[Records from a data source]
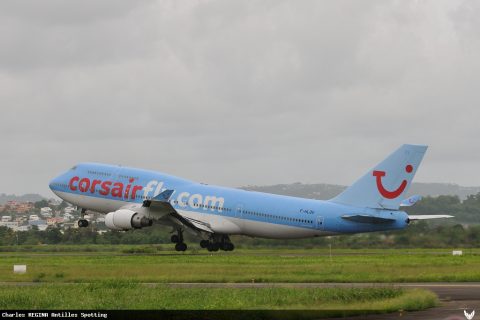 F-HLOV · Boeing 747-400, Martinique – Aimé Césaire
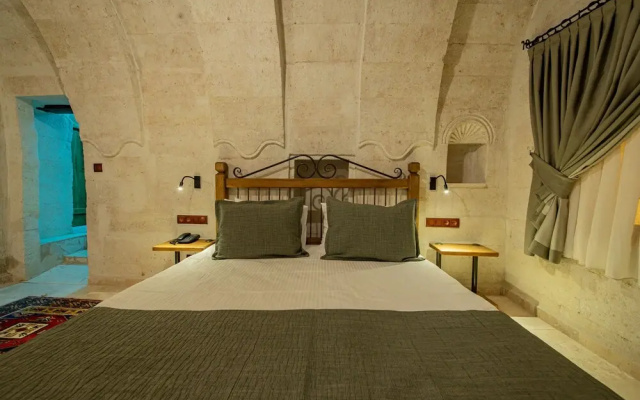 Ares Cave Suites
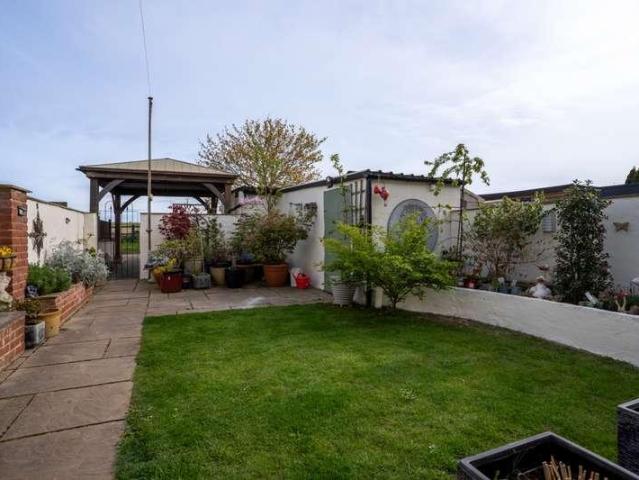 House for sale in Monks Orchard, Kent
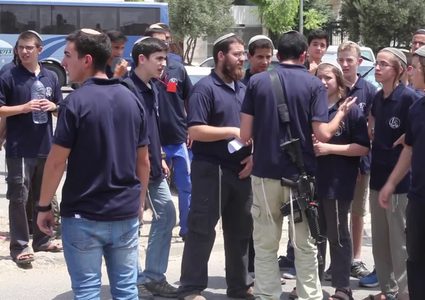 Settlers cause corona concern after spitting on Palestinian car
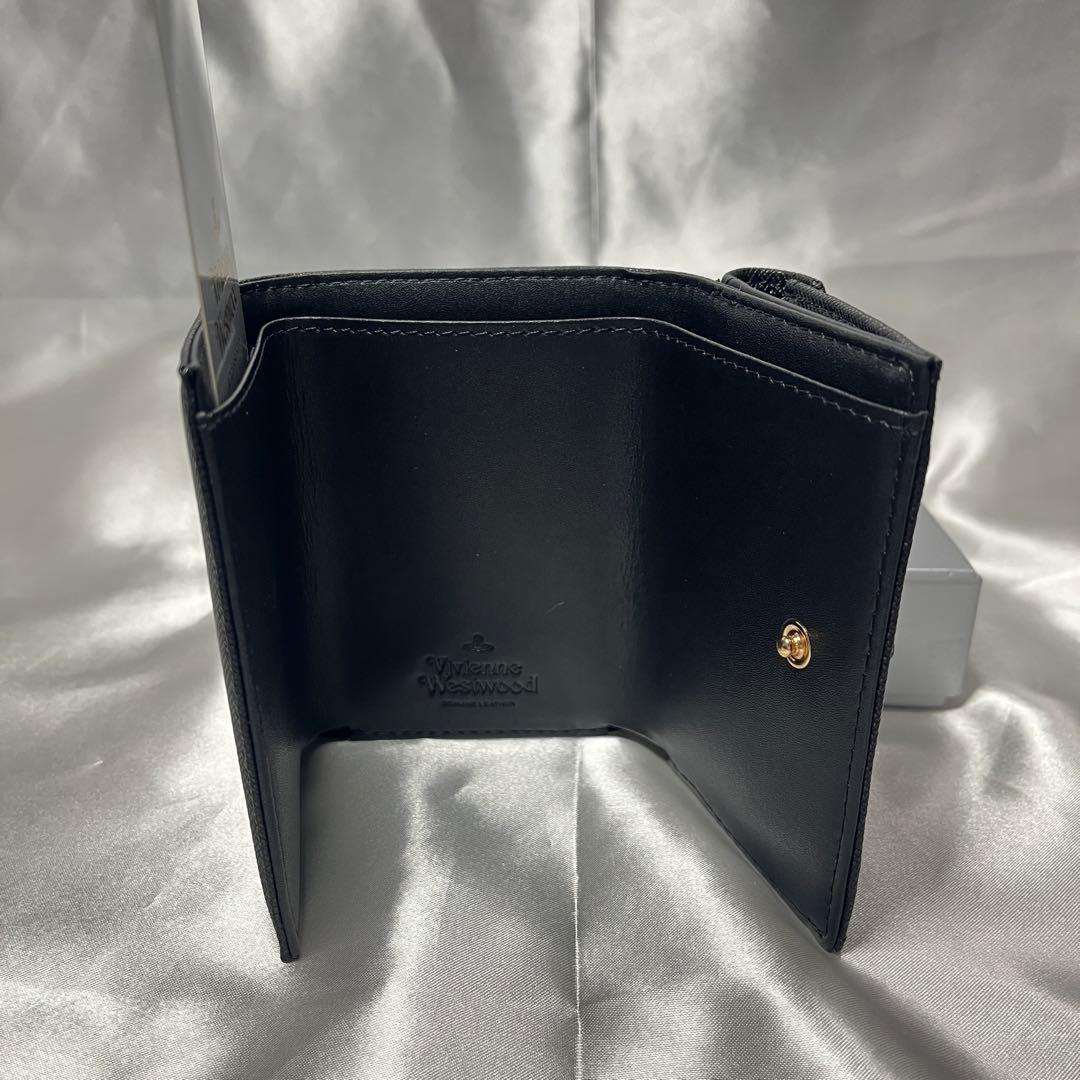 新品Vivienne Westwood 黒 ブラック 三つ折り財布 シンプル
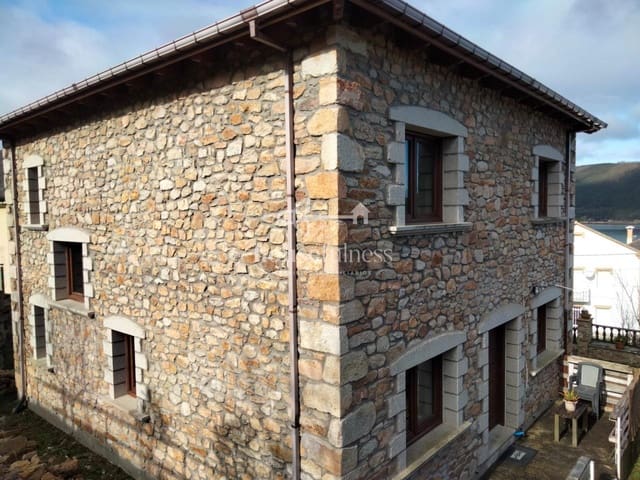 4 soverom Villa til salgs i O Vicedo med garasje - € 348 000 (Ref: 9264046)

## Assignment
For the entries above, the output must hold exactly the lines from the one with "新品Vivienne Westwood 黒 ブラック 三つ折り財布 シンプル" through the last line, both included, and no pictures.

## Your solution
 新品Vivienne Westwood 黒 ブラック 三つ折り財布 シンプル
 4 soverom Villa til salgs i O Vicedo med garasje - € 348 000 (Ref: 9264046)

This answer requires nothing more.